◆ Work to complete
With both ends included, repeat exactly the lines of the entries below from the one containing "Camiseta cruzamento de borboleta" down to the one containing "#1 Shark Fishing", and no others.

◆ Dataset records

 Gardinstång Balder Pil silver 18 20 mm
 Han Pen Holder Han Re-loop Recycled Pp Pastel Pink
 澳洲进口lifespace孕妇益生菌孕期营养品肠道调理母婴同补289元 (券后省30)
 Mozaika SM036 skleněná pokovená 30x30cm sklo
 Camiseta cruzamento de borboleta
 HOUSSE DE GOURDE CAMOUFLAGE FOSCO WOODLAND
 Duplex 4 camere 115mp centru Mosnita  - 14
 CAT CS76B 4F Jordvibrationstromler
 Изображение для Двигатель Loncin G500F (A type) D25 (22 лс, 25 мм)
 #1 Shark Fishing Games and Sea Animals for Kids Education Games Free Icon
==
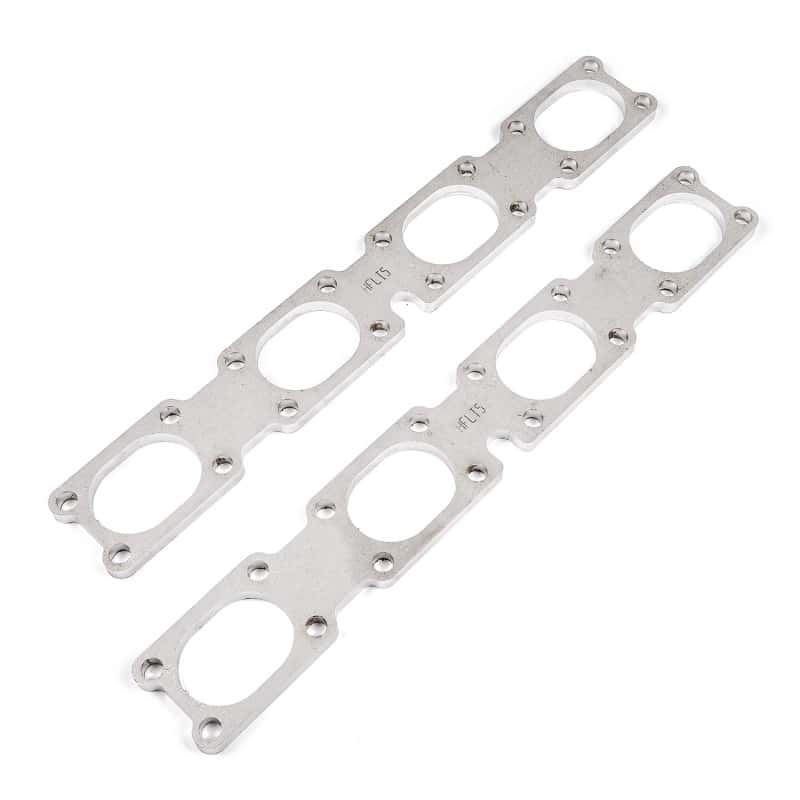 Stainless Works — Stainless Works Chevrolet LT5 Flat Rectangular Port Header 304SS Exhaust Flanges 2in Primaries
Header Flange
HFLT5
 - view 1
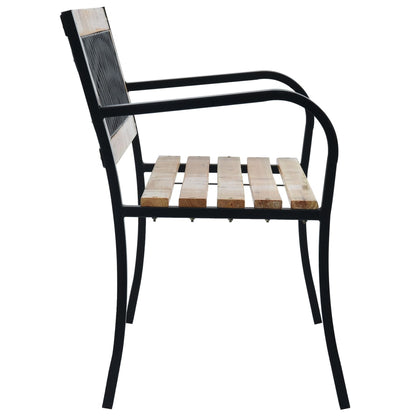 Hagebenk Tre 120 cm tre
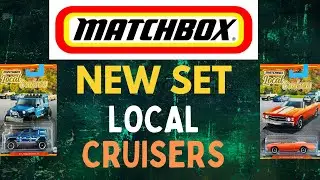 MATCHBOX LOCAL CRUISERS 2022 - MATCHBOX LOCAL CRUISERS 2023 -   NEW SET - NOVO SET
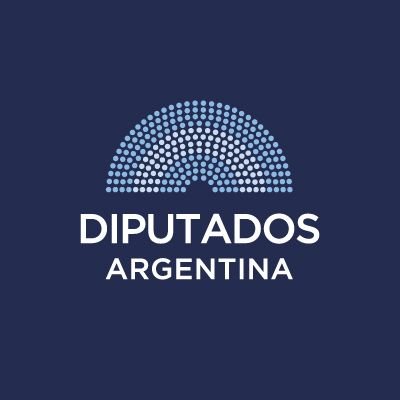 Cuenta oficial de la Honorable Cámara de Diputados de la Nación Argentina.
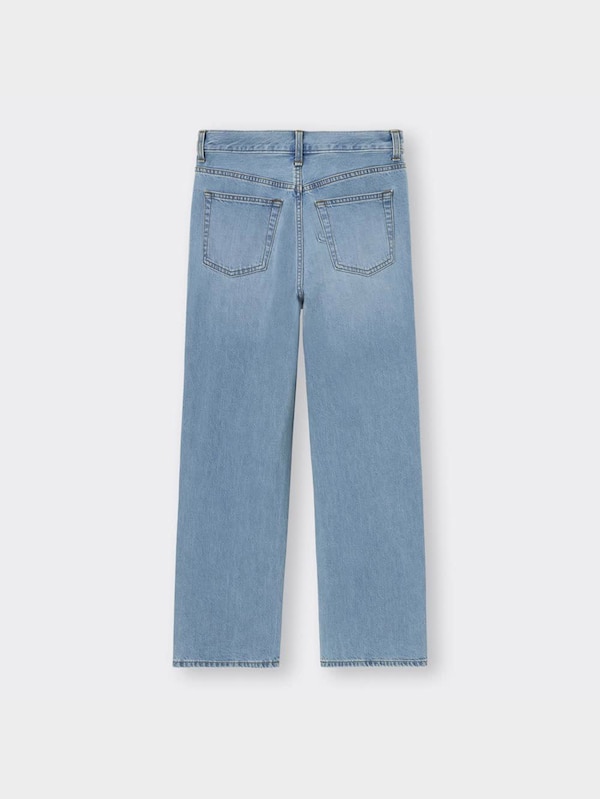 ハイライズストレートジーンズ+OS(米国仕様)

◆ Solution for this exercise
 Camiseta cruzamento de borboleta
 HOUSSE DE GOURDE CAMOUFLAGE FOSCO WOODLAND
 Duplex 4 camere 115mp centru Mosnita  - 14
 CAT CS76B 4F Jordvibrationstromler
 Изображение для Двигатель Loncin G500F (A type) D25 (22 лс, 25 мм)
 #1 Shark Fishing Games and Sea Animals for Kids Education Games Free Icon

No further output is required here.